Beethoven vu par Berlioz - La symphonie en Ut mineur (wikisource)



SYMPHONIE EN UT MINEUR


La plus célèbre de toutes, sans contredit, est aussi la première, selon nous, dans laquelle Beethoven ait donné carrière à sa vaste imagination, sans prendre pour guide ou pour appui une pensée étrangère. Dans les première, seconde et quatrième symphonies, il a plus ou moins agrandi des formes déjà connues, en les poétisant de tout ce que sa vigoureuse jeunesse pouvait y ajouter d’inspirations brillantes ou passionnées ; dans la troisième (l’héroïque), la forme tend à s’élargir, il est vrai, et la pensée s’élève à une grande hauteur ; mais on ne saurait y méconnaître cependant l’influence d’un de ces poètes divins auxquels, dès longtemps, le grand artiste avait élevé un temple dans son cœur. Beethoven, fidèle au précepte d’Horace :

    « Nocturnâ versate manu, versate diurnâ, »

lisait habituellement Homère, et dans sa magnifique épopée musicale, qu’on a dit à tort ou à raison inspirée par un héros moderne, les souvenirs de l’antique Iliade jouent un rôle admirablement beau, mais non moins évident.

La symphonie en ut mineur, au contraire, nous paraît émaner directement et uniquement du génie de Beethoven ; c’est sa pensée intime qu’il y va développer ; ses douleurs secrètes, ses colères concentrées, ses rêveries pleines d’un accablement si triste, ses visions nocturnes, ses élans d’enthousiasme en fourniront le sujet ; et les formes de la mélodie, de l’harmonie, du rythme et de l’instrumentation s’y montreront aussi essentiellement individuelles et neuves que douées de puissance et de noblesse.

1er mouvement

Le premier morceau est consacré à la peinture des sentiments désordonnés qui bouleversent une grande âme en proie au désespoir ; non ce désespoir concentré, calme, qui emprunte les apparences de la résignation ; non pas cette douleur sombre et muette de Roméo apprenant la mort de Juliette, mais bien la fureur terrible d’Othello recevant de la bouche d’Iago les calomnies empoisonnées qui le persuadent du crime de Desdémona.
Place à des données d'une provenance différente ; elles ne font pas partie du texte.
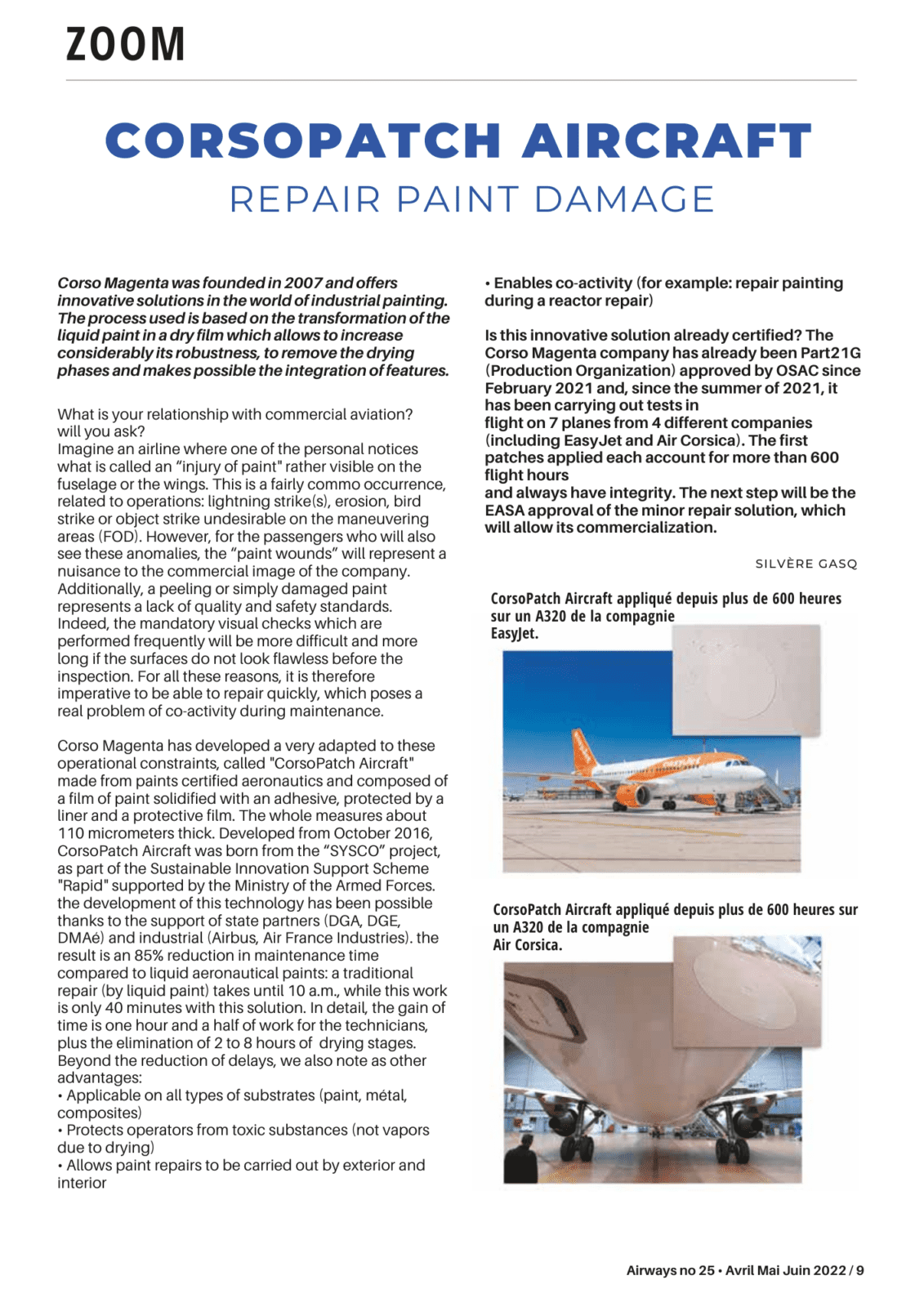 Airways Aircraft MRO EASA Fly test Air Corsica Easy Jet Fast paint repair, Airways magazine talks about CorsoPatch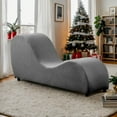 thumbnail image 1 of MUZZ Yoga Chairs for Adults, Velvet Yoga Chaise Lounge for Adult Exercise, Stretching, Relaxation, Modern Curved Tantra Chairs for Bedroom,Living Room(Dark Grey), 1 of 6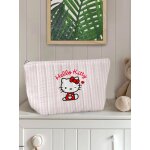 Trousse de toilette ray�e hello kitty ray� rose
C’est tantôt un délire frénétique qui éclate en cris effrayants ; tantôt un abattement excessif qui n’a que des accents de regret et se prend en pitié lui-même. Écoutez ces hoquets de l’orchestre, ces accords dialogués entre les instruments à vent et les instruments à cordes, qui vont et viennent en s’affaiblissant toujours, comme la respiration pénible d’un mourant, puis font place à une phrase pleine de violence, où l’orchestre semble se relever, ranimé par un éclair de fureur ; voyez cette masse frémissante hésiter un instant et se précipiter ensuite tout entière, divisée en deux unissons ardents comme deux ruisseaux de lave ; et dites si ce style passionné n’est pas en dehors et au-dessus de tout ce qu’on avait produit auparavant en musique instrumentale.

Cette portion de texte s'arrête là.